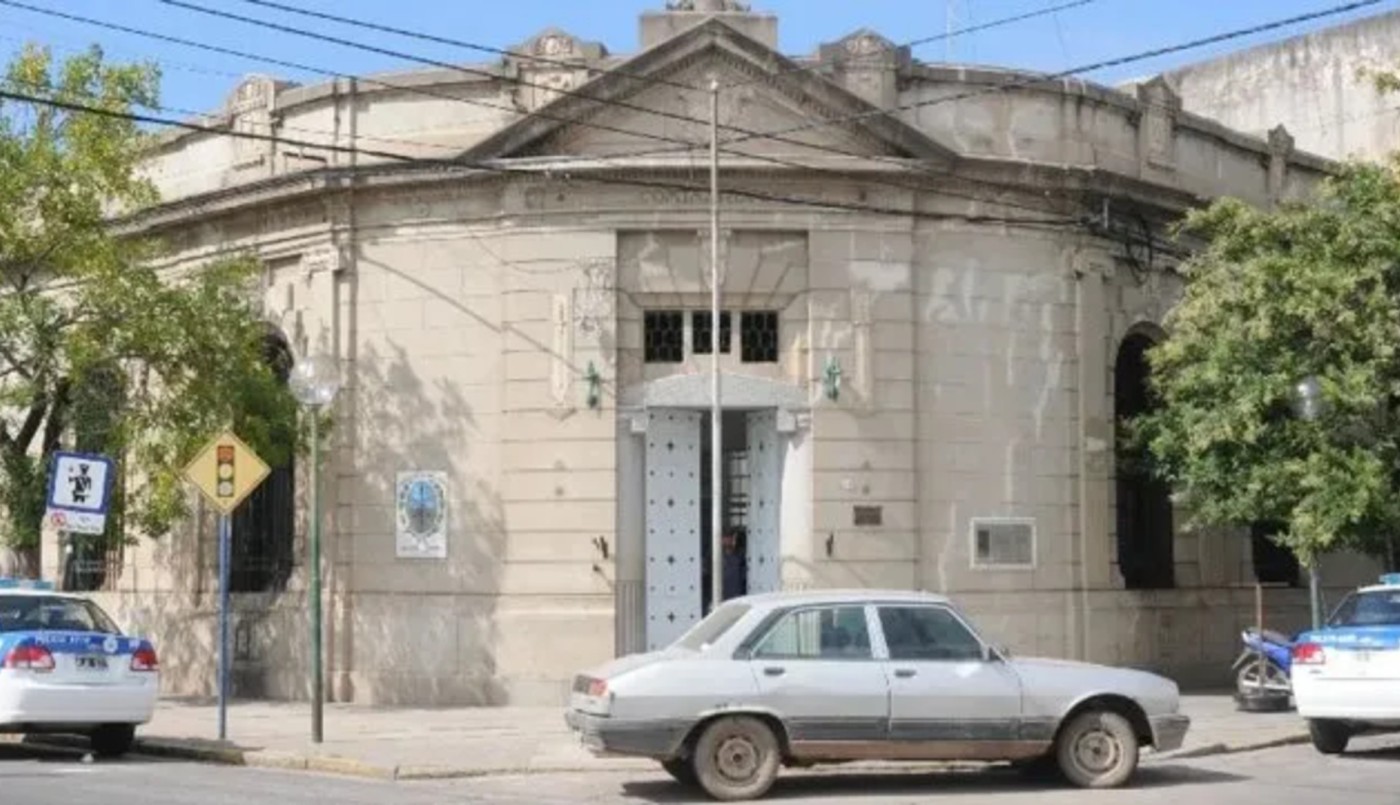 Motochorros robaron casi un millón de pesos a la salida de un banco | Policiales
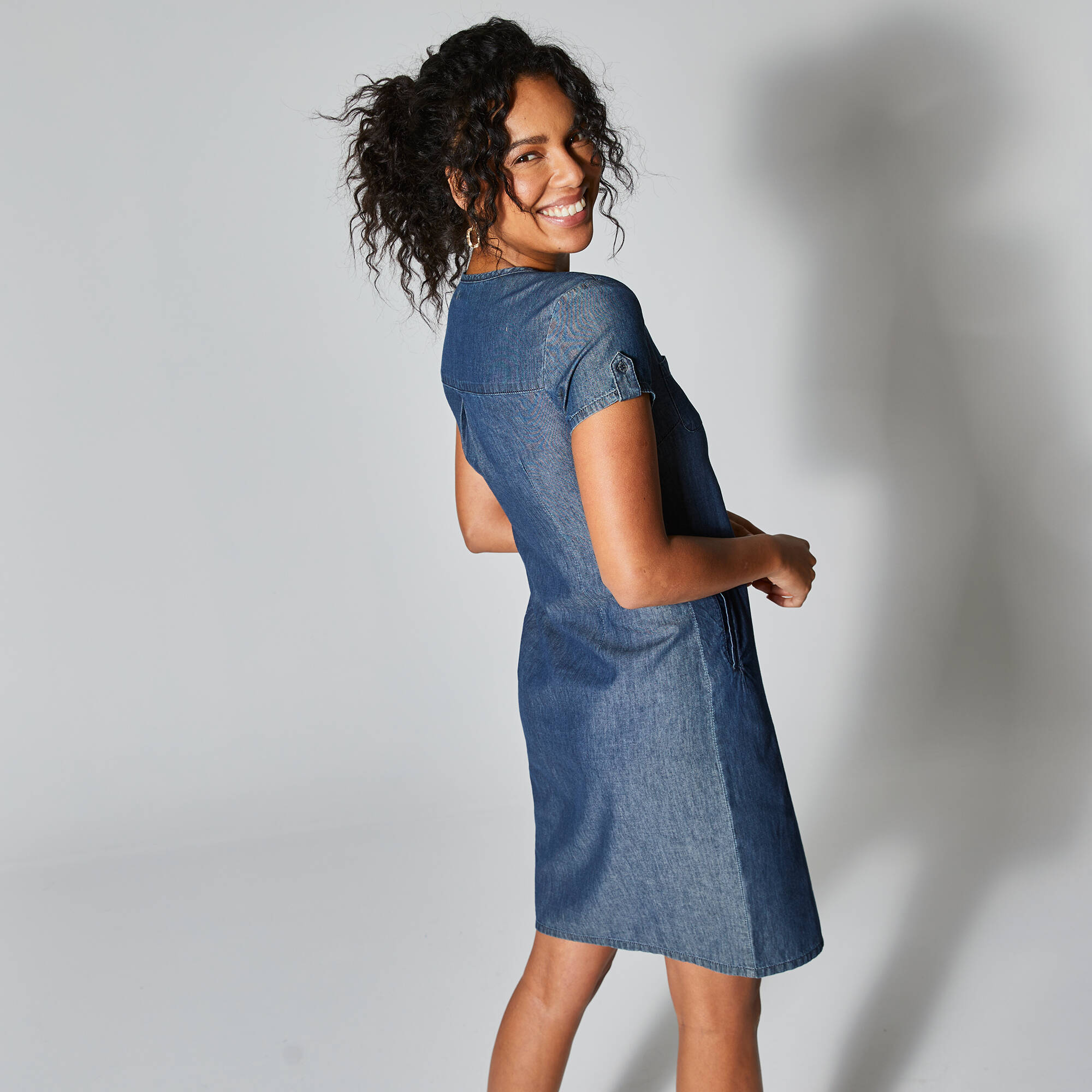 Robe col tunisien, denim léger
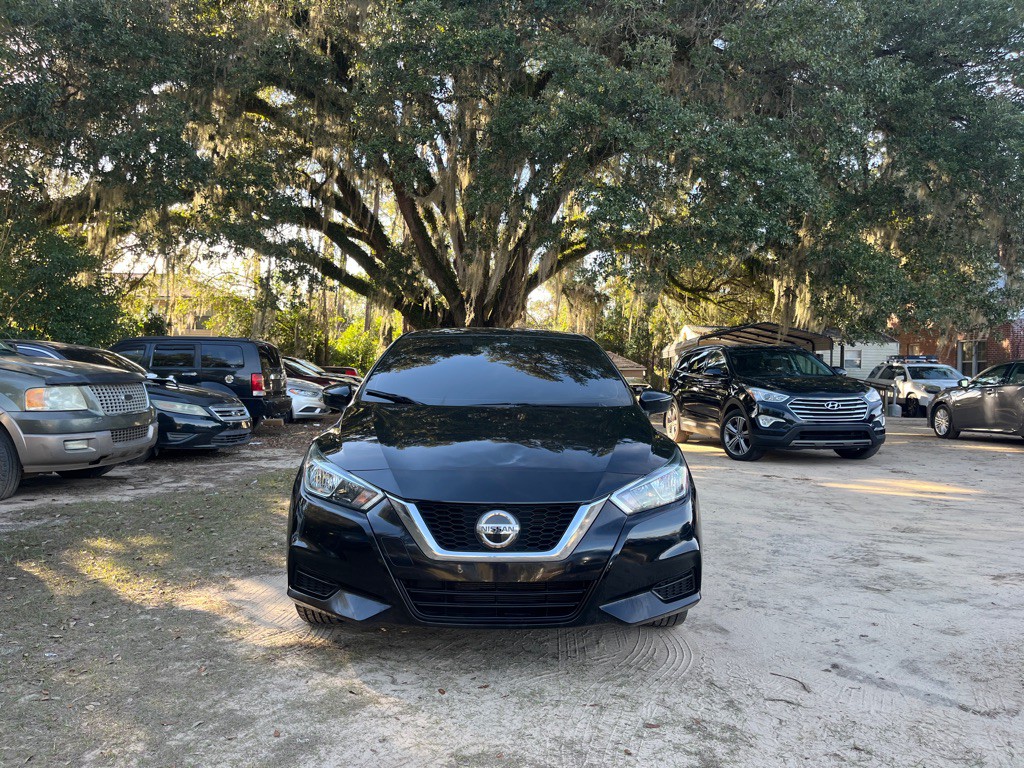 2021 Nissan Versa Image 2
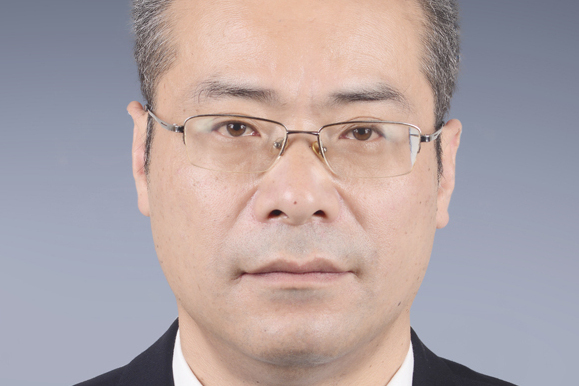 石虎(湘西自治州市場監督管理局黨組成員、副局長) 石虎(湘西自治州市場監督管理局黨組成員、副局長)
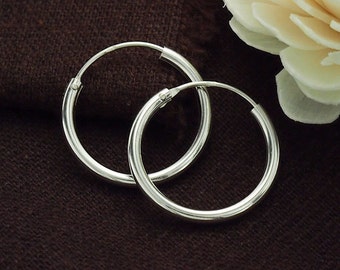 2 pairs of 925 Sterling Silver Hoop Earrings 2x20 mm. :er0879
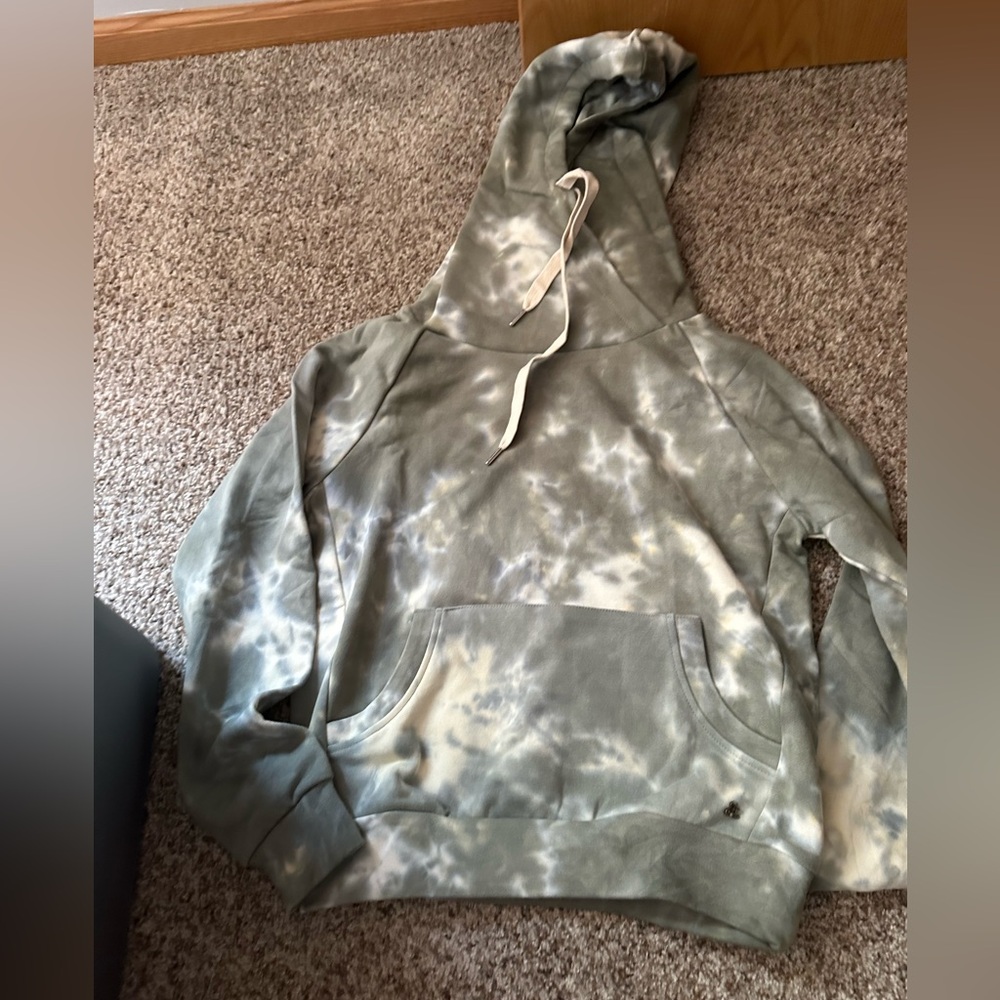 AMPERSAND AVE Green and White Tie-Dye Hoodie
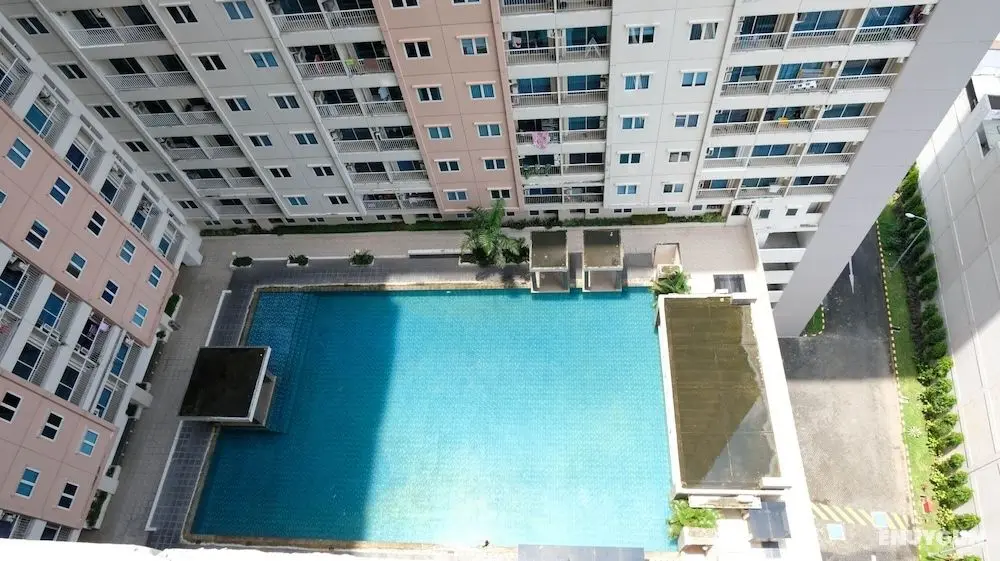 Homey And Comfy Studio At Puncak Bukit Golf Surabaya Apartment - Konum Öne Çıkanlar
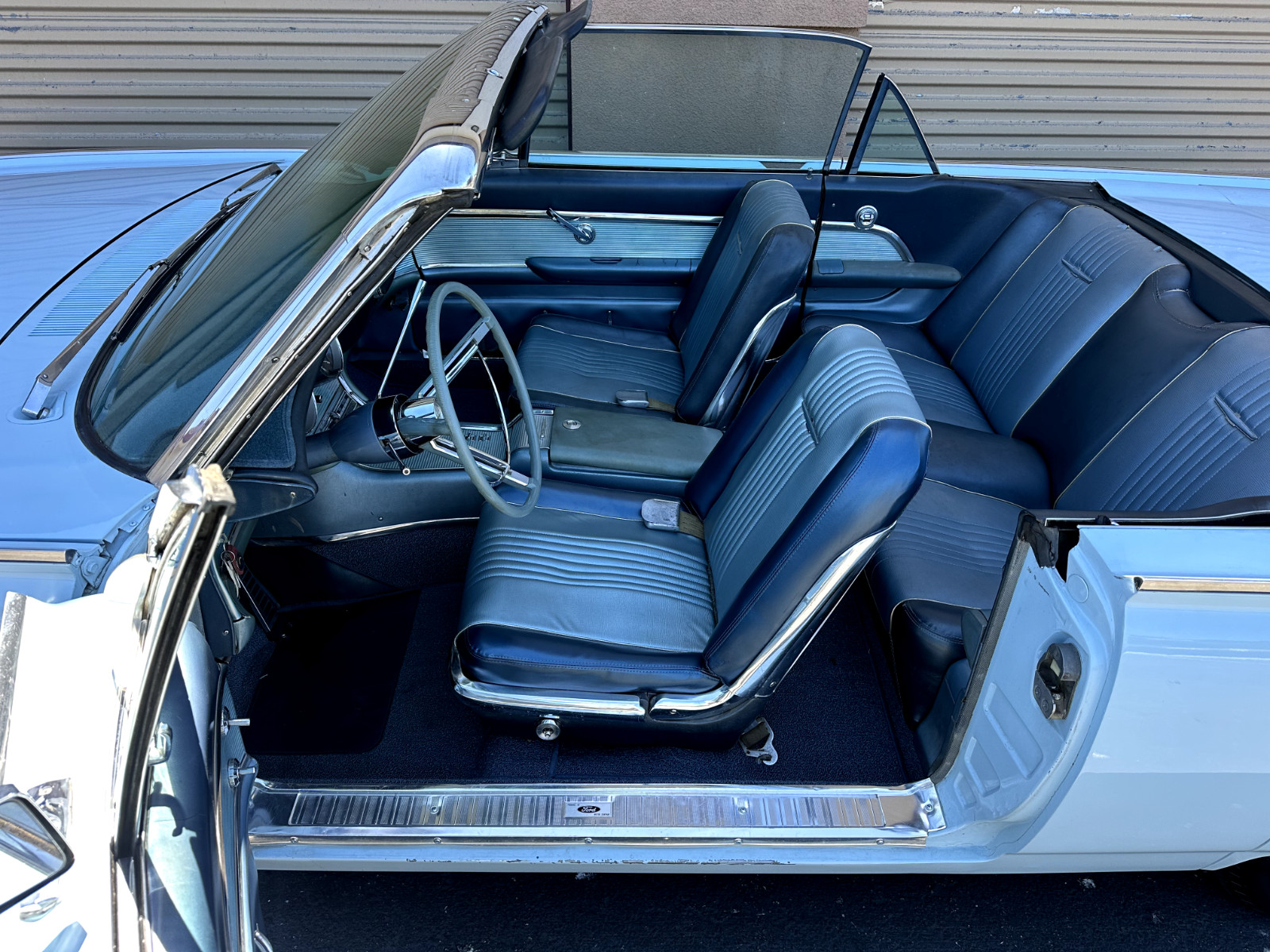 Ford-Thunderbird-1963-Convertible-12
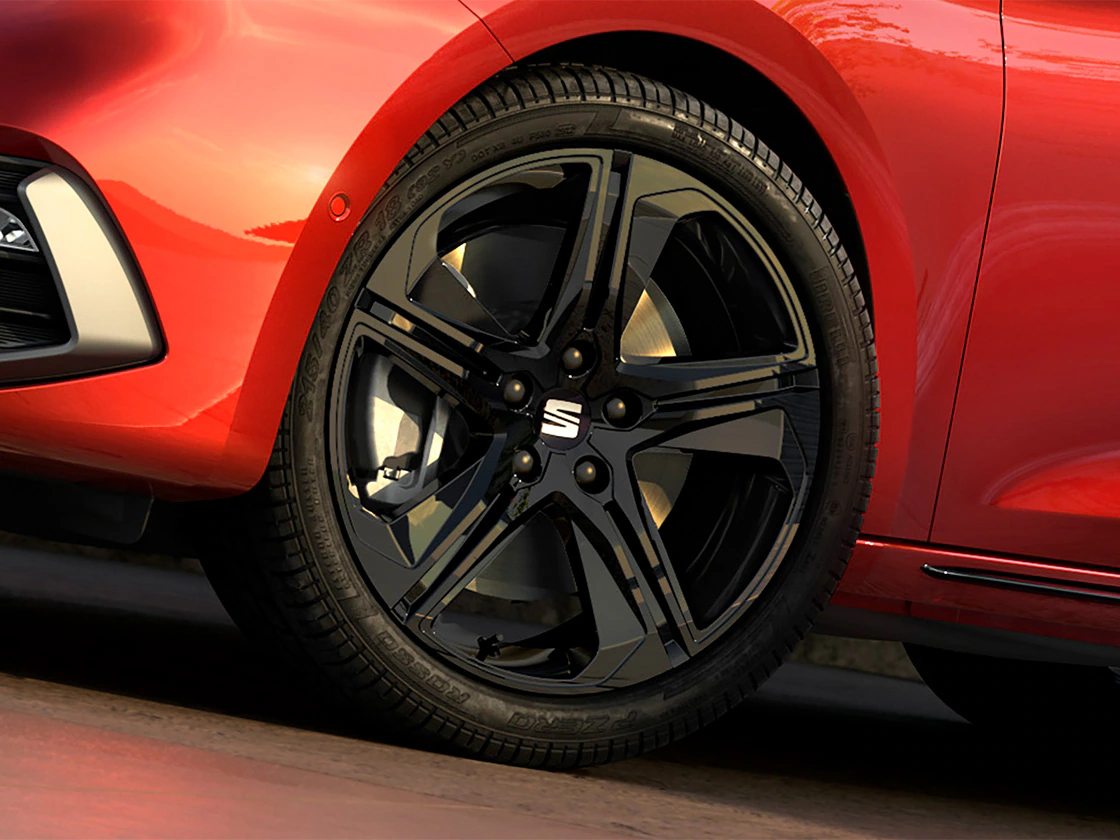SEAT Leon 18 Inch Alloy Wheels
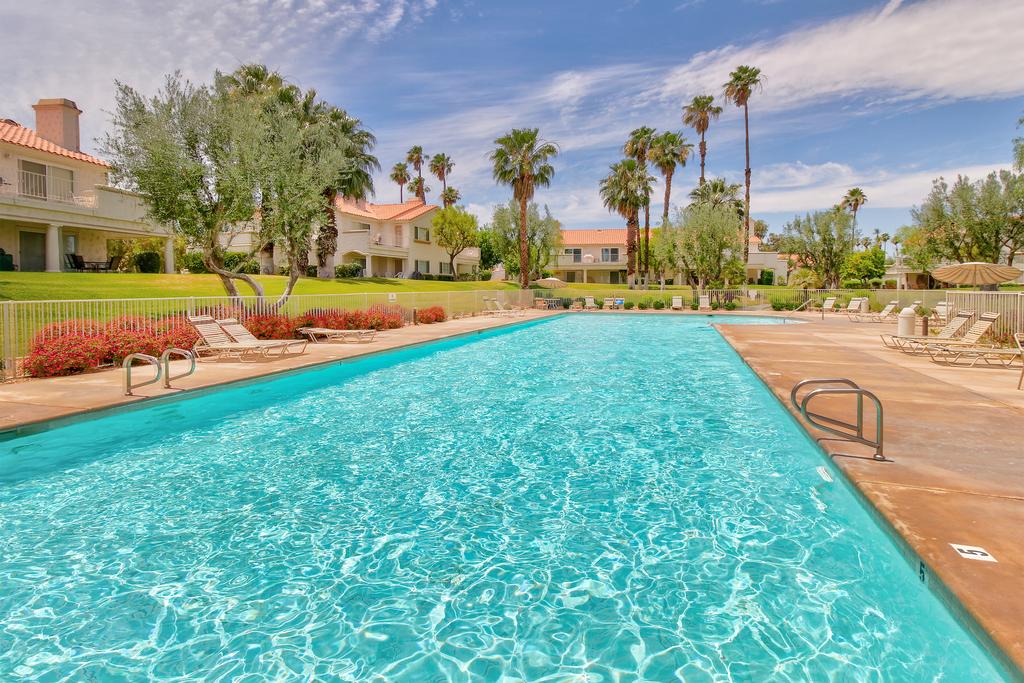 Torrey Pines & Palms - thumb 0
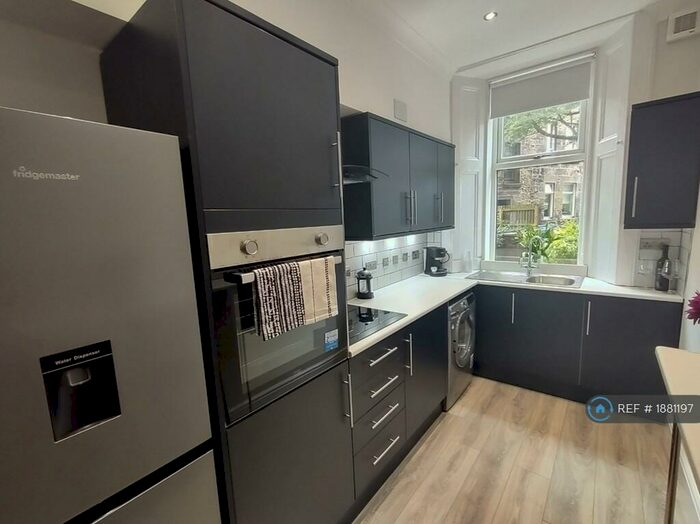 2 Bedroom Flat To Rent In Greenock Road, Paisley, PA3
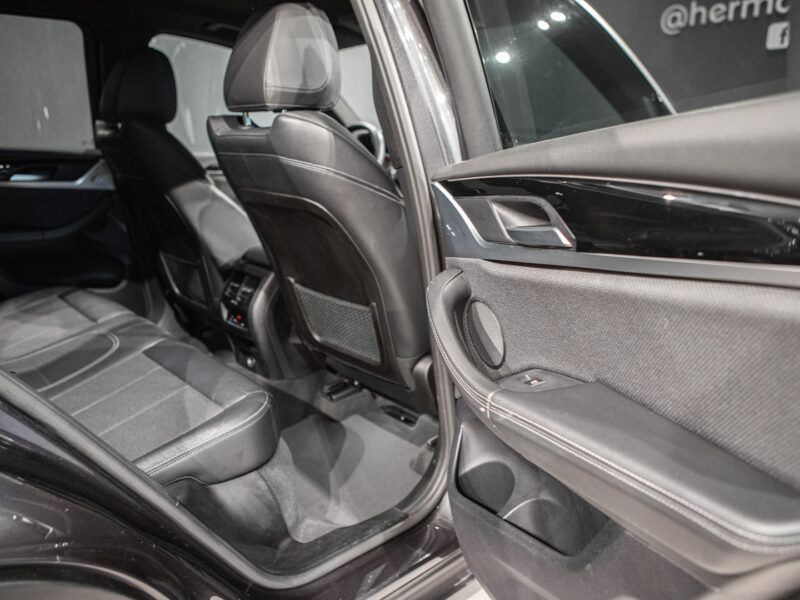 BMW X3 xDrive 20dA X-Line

-*-*-

Exercise details:
Produce the material above again in full, with identical lines and no pictures.

Solved problem:
 Motochorros robaron casi un millón de pesos a la salida de un banco | Policiales
 Robe col tunisien, denim léger
 2021 Nissan Versa Image 2
 石虎(湘西自治州市場監督管理局黨組成員、副局長) 石虎(湘西自治州市場監督管理局黨組成員、副局長)
 2 pairs of 925 Sterling Silver Hoop Earrings 2x20 mm. :er0879
 AMPERSAND AVE Green and White Tie-Dye Hoodie
 Homey And Comfy Studio At Puncak Bukit Golf Surabaya Apartment - Konum Öne Çıkanlar
 Ford-Thunderbird-1963-Convertible-12
SEAT Leon 18 Inch Alloy Wheels
 Torrey Pines & Palms - thumb 0
 2 Bedroom Flat To Rent In Greenock Road, Paisley, PA3
 BMW X3 xDrive 20dA X-Line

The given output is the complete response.